Property operating expenses were $21.2 million for the three months ended June 30, 2011. This represents a decrease of $2.1 million, as compared to the prior period operating expenses of $23.3 million. This change, by segment, is a decrease in our commercial properties of $0.6 million, a decrease in our apartment portfolio of $0.6 million, and a decrease in our in our land and other segments of $0.9 million. Within the apartment portfolio, the same apartment properties decreased $0.9 million due to a decrease in overall costs and additional repairs and maintenance, offset by an increase of $0.3 million from developed properties in the lease-up phase. The decrease in the land and other portfolios was due to a prior year real estate tax accrual adjustment.

Mortgage and loan interest expense was $17.7 million for the three months ended June 30, 2011. This represents a decrease of $2.6 million, as compared to the prior period interest expense of $20.3 million. This change, by segment, is a decrease in our commercial properties of $1.1 million, a decrease in our apartment portfolio of $0.3 million, and a decrease in our land portfolio of $0.9 million and a decrease in our other portfolio of $0.3 million. The decrease in the apartment portfolio is primarily due to loans that were refinanced in 2010 at a lower interest rate. The majority of the decrease in the commercial portfolio is due to a matured loan that is being negotiated. The decrease in the other portfolio was due to a decrease in interest expense on loan amounts due to our advisor.

Gain on land sales was $14.0 million for the three months ended June 30, 2011. This represents an increase of $18.1 million as compared to the prior period loss of $4.1 million. In the current period, we sold 1,067 acres of land in 19 separate transactions for an aggregate sales price of $60.4 million and recorded a gain of $14.0 million. In the prior period, we sold 23.56 acres of land in two transactions for an aggregate sales price of $17.6 million and recorded a loss $4.1 million.

For the six months ended June 30, 2011, we reported a net gain applicable to common shares of $4.0 million or $0.35 per diluted earnings per share, as compared to a net loss applicable to common shares of ($26.9) million or ($2.34) per diluted earnings per share for the same period ended 2010.
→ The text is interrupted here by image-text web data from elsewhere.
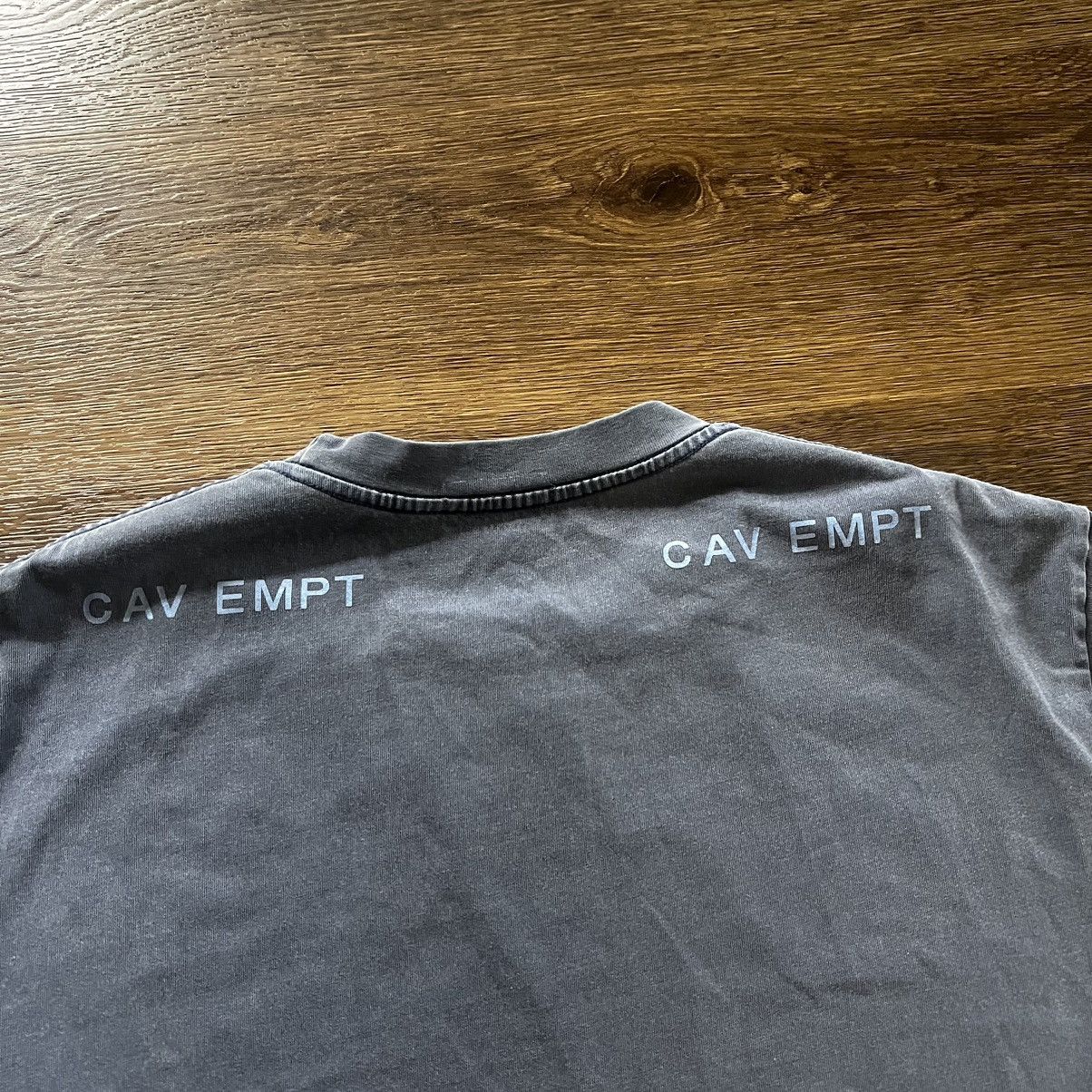 Vintage Faded Street Wear Graphic Tee Size US M / EU 48-50 / 2 - 7 Thumbnail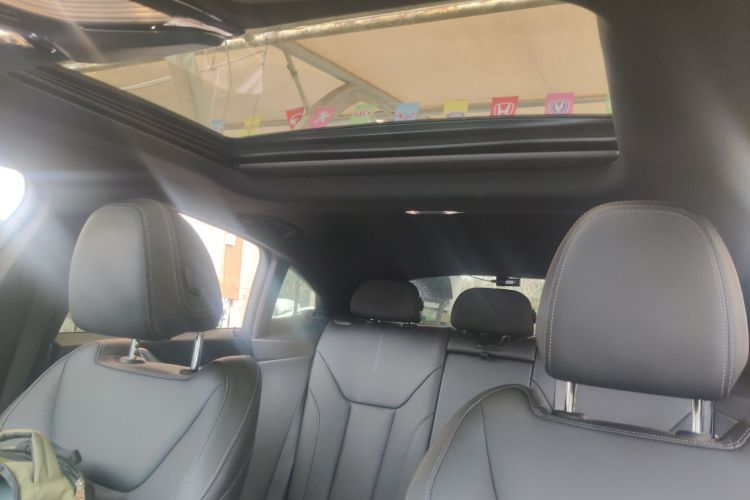 Used BMW 4 Series 2022 425i Gran Coupe M Sport Night Edition Headliner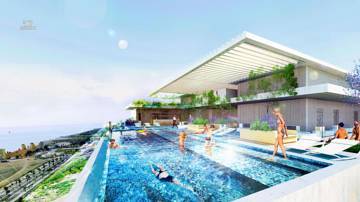 Thumbnail von Málaga Apartment ES128587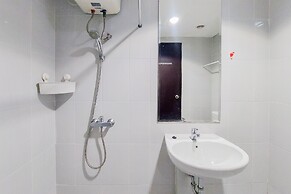 Cozy and Enjoy Living Studio Casa De Parco Apartment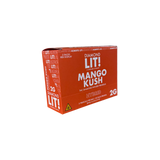 Lit! Diamond THC Infused Pre-Rolls 2g - Pack of 5 / Display of 5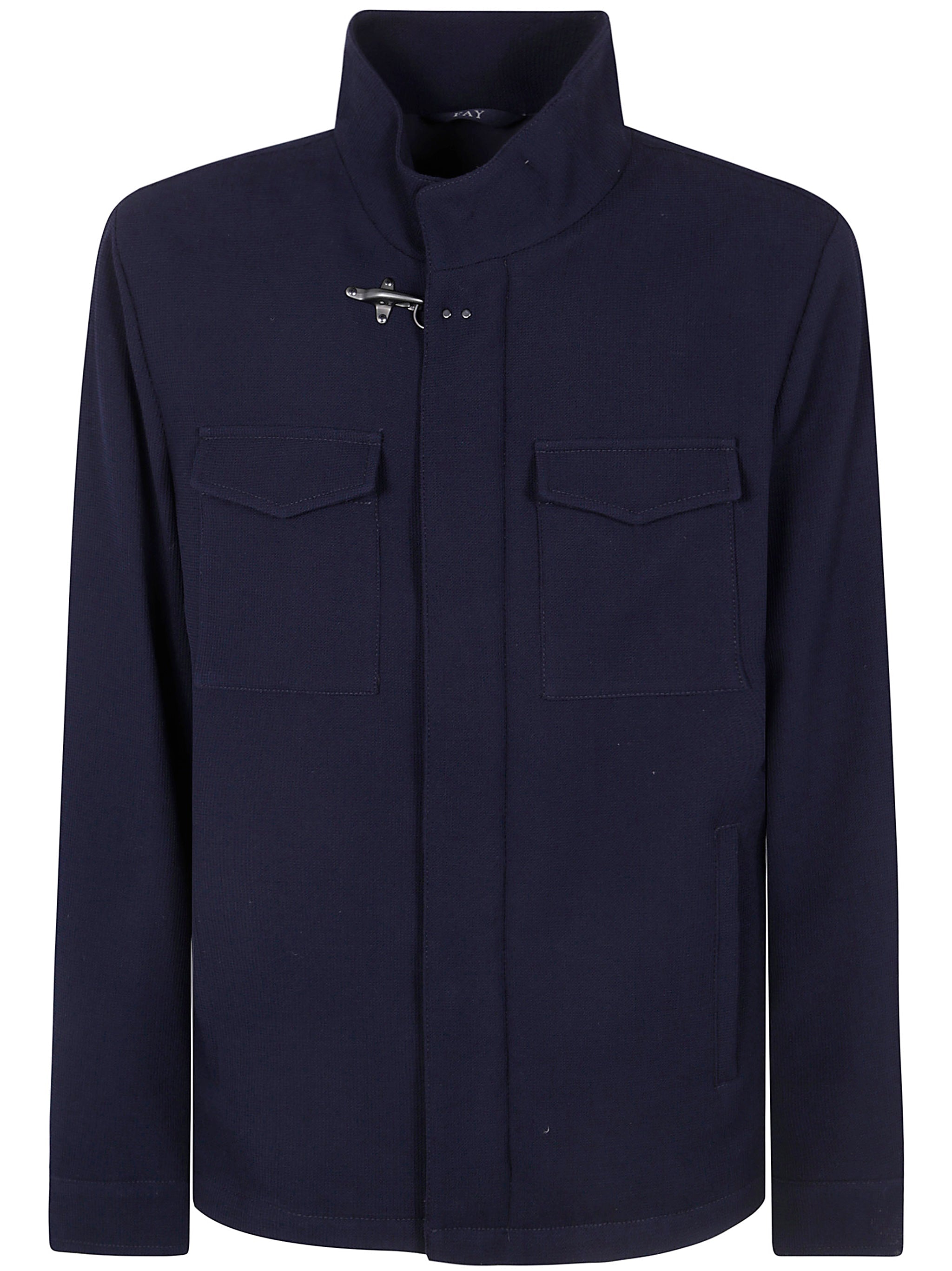 Fay Men Fay Jacket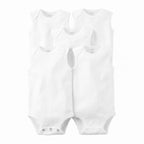 Ropita Bebe Tank Neutro 5pk Pre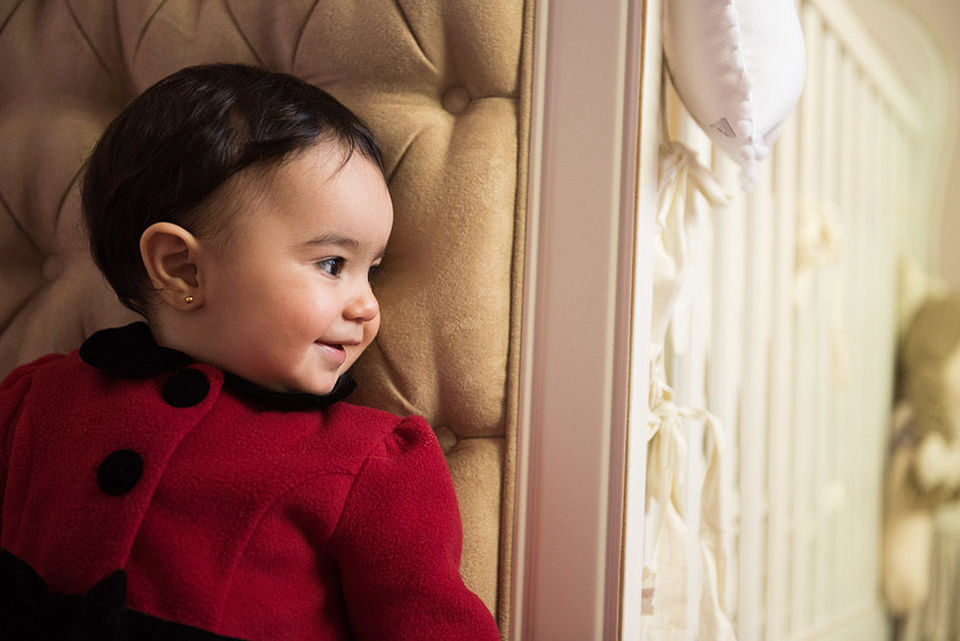 Ensaio de Família em casa - 1 ano Clara Ensaio de Família em casa - 1 ano Clara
Rental and other property revenues were $74.1 million for the six months ended June 30, 2011. This represents a decrease of $0.2 million, as compared to the prior period revenues of $74.3 million. This change, by segment, is a decrease in the commercial portfolio of $1.6 million, a decrease in the hotel portfolio of $0.5 million, an increase in the land and other portfolios of $0.1 million, and an increase in the apartment portfolio of $1.8 million. Within the apartment portfolio, there was an increase of $0.5 million due to the developed properties in the lease-up phase and an increase of $1.3 million in the same property portfolio. Within the commercial portfolio the decrease was attributable to the same properties due to an increase in vacancy, which we attribute to the current state of the economy. Revenues from our same hotel portfolio are also suffering due to the economy with decreased stays from travelers. We have directed our efforts to apartment development and put some additional land projects on hold until the economic conditions turn around. We are continuing to market our properties aggressively to attract new tenants and strive for continuous improvement of our properties in order to maintain our existing tenants.